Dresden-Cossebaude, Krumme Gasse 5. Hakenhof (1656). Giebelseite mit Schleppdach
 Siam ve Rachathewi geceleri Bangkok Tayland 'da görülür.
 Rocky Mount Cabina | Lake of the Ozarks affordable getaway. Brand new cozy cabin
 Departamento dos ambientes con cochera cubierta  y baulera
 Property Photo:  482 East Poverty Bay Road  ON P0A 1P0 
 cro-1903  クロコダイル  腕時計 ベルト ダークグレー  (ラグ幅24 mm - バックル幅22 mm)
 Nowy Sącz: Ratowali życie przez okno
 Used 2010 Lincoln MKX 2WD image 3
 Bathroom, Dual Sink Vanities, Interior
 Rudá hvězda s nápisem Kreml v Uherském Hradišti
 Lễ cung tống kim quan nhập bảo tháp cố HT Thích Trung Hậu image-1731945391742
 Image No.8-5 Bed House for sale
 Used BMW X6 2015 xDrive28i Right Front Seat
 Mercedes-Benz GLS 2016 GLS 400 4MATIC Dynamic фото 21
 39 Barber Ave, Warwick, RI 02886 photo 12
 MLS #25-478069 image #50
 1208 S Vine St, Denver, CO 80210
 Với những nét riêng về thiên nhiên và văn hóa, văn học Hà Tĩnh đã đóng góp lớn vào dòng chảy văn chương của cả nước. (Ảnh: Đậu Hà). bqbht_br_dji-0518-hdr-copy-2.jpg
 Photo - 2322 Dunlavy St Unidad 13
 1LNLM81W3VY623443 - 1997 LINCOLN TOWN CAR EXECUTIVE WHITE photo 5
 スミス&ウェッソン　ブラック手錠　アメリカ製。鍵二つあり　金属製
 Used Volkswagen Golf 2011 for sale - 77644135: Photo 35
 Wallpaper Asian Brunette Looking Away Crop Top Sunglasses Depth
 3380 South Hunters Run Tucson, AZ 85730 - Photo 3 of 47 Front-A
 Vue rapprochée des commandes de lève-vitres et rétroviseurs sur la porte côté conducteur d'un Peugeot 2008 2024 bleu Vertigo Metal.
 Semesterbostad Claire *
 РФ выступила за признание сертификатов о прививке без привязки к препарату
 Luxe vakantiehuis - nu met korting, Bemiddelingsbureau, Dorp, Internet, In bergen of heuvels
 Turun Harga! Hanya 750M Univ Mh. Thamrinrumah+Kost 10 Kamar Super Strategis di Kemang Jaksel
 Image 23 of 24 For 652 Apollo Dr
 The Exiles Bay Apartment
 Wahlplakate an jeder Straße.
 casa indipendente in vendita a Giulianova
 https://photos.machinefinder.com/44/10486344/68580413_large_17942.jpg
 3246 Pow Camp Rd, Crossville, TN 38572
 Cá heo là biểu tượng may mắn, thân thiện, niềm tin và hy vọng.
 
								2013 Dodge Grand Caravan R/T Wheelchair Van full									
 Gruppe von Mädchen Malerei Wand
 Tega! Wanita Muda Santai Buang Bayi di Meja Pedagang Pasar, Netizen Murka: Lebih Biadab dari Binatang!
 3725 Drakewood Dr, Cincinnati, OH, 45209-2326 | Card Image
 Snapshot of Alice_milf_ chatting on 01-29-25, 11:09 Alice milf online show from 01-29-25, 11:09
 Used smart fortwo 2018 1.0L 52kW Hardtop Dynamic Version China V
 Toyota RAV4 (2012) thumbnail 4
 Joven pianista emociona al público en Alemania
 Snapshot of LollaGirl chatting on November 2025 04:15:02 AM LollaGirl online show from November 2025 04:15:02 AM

▸ **Exercise aim**
Your task is to reproduce the entries exactly, starting at the first line and ending with the line containing "Wallpaper Asian Brunette".

▸ **Reply to the exercise**
Dresden-Cossebaude, Krumme Gasse 5. Hakenhof (1656). Giebelseite mit Schleppdach
 Siam ve Rachathewi geceleri Bangkok Tayland 'da görülür.
 Rocky Mount Cabina | Lake of the Ozarks affordable getaway. Brand new cozy cabin
 Departamento dos ambientes con cochera cubierta  y baulera
 Property Photo:  482 East Poverty Bay Road  ON P0A 1P0 
 cro-1903  クロコダイル  腕時計 ベルト ダークグレー  (ラグ幅24 mm - バックル幅22 mm)
 Nowy Sącz: Ratowali życie przez okno
 Used 2010 Lincoln MKX 2WD image 3
 Bathroom, Dual Sink Vanities, Interior
 Rudá hvězda s nápisem Kreml v Uherském Hradišti
 Lễ cung tống kim quan nhập bảo tháp cố HT Thích Trung Hậu image-1731945391742
 Image No.8-5 Bed House for sale
 Used BMW X6 2015 xDrive28i Right Front Seat
 Mercedes-Benz GLS 2016 GLS 400 4MATIC Dynamic фото 21
 39 Barber Ave, Warwick, RI 02886 photo 12
 MLS #25-478069 image #50
 1208 S Vine St, Denver, CO 80210
 Với những nét riêng về thiên nhiên và văn hóa, văn học Hà Tĩnh đã đóng góp lớn vào dòng chảy văn chương của cả nước. (Ảnh: Đậu Hà). bqbht_br_dji-0518-hdr-copy-2.jpg
 Photo - 2322 Dunlavy St Unidad 13
 1LNLM81W3VY623443 - 1997 LINCOLN TOWN CAR EXECUTIVE WHITE photo 5
 スミス&ウェッソン　ブラック手錠　アメリカ製。鍵二つあり　金属製
 Used Volkswagen Golf 2011 for sale - 77644135: Photo 35
 Wallpaper Asian Brunette Looking Away Crop Top Sunglasses Depth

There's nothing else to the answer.